Por eso, es un error de cierto liberalismo propiciar cierta neutralidad racional como condición de la política, como si fuera posible partir de una posición despojada de nuestras pasiones y de los conflictos asociados a ellas. Sin pasiones no hay política y sin política no hay vida en comunidad. De hecho se ha vuelto muy común ver a los defensores de estas posturas de centro sacando a relucir sus pasiones, empleando retóricas que apelan a las emociones.
Pero, asimismo, es un error muy habitual creer que desde la crítica uno se encuentra en una posición privilegiada para juzgar las pasiones colectivas de su pueblo, al punto de rechazarlas y despreciarlas cuando no se ajustan a un ideal de sociedad. Hegel llamaba a esta postura “el alma bella” y se trata de una especie de lucidez desencantada que surge tras descubrir que el mundo no se realiza según nuestro deseo. Así, si la postura de centro es la ficción que se organiza para poder esquivar los conflictos de fondo, la figura del alma bella es el abandono en el que sucumbe cierta izquierda cuando pierde su conexión con el pueblo al que busca interpelar.

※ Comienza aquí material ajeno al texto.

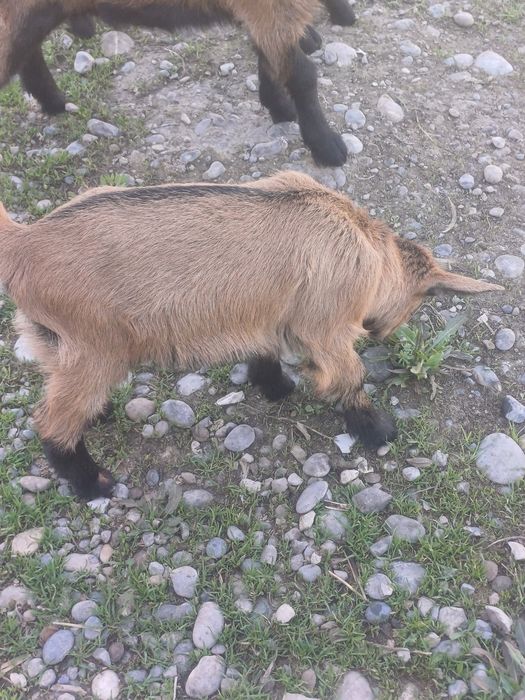 Альпийский лақтар сатылады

Estas enseñanzas llevan a preguntarme si acaso el malestar experimentado a raíz de la consulta anticorrupción no estaría asociado a estas dos formas viciadas de pensar la coyuntura, como si perdiéramos de vista la oportunidad política que se abre tras esta votación popular. Lo primero que cabe resaltar es que se trata de una consulta popular, un mecanismo por el cual los de abajo tienen el poder de interpelar a los de arriba. Más de 11 millones de colombianos creyeron en ese poder e hicieron uso de su derecho. Menospreciar a los votantes, bajo la premisa de que se trata de una consigna vacía, habla más de nuestras propias limitaciones y prejuicios para comprender cómo se articula la voluntad popular que de la inteligencia o estupidez de un pueblo.

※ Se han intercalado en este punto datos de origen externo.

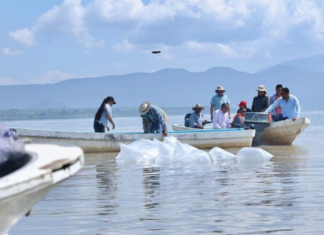 Raising thousands of whitefish and then releasing them into Lake Pátzcuaro: Michoacán’s strategy to save them from extinction.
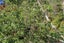 81 Otira Highway, Kumara Junction, Kumara - Carousel 50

El éxito relativo de la consulta anticorrupción ha consistido justamente en su capacidad para funcionar como una especie de significante vacío capaz de articular un conjunto de quejas y malestares individuales y traducirlos en una demanda colectiva. A diferencia de otros países, donde las insatisfacciones sociales se traducen en políticas antimigratorias o manifestaciones de corte xenófobas, clasistas o fascistas -algo que el Centro Democrático intenta sin éxito producir en la ciudadanía-, y que crean un antagonismo entre los mismos sectores populares azotados por el neoliberalismo, en Colombia, por el contrario, se consiguió aglutinar fuerzas alrededor de una consigna popular, que remueve energías populares y que apunta a la posibilidad de fortalecer el discurso de la oposición a un gobierno de claro signo plutocrático.

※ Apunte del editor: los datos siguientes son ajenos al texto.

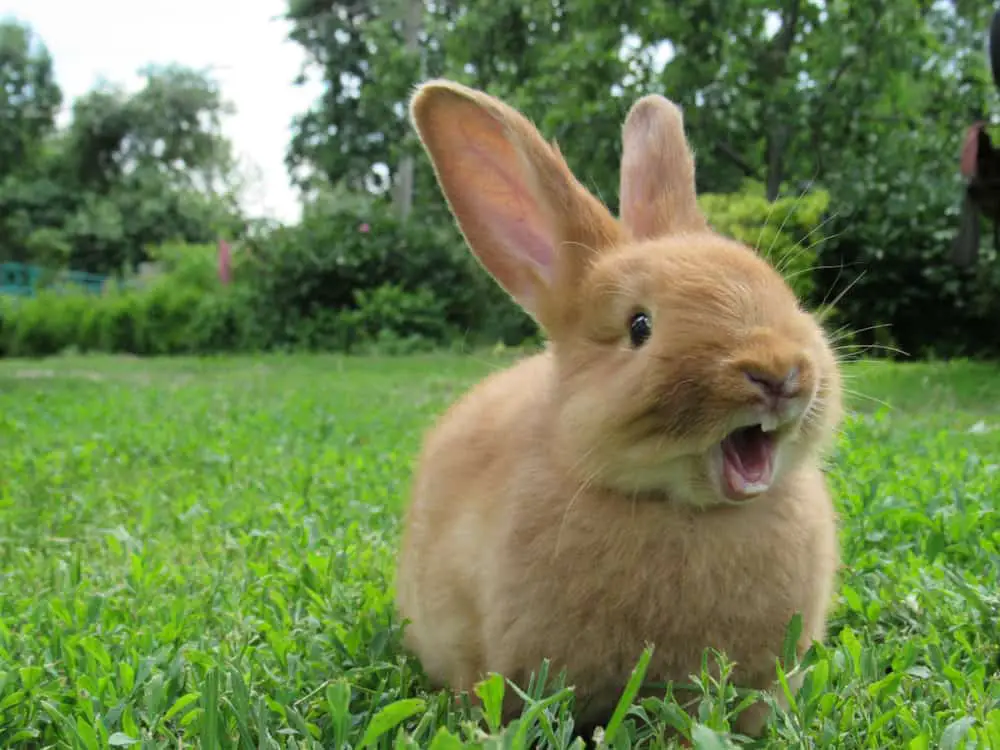 This is a red brown rabbit on a grass lawn.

Hay un hecho difícil de controvertir: el malestar social obtuvo más votos que el uribismo en las recientes elecciones. Y existe, sin duda, el riesgo de que los consensos alrededor de la bandera de la anticorrupción se transformen, en manos del gobierno o de los propios promotores de la consulta, en una retórica de vacuo moralismo, incapaz de lidiar con las causas profundas de la corrupción. Ahora dependerá de la astucia y la pedagogía de las diferentes fuerzas sociales para traducir los votos en una verdadera demanda democratizadora.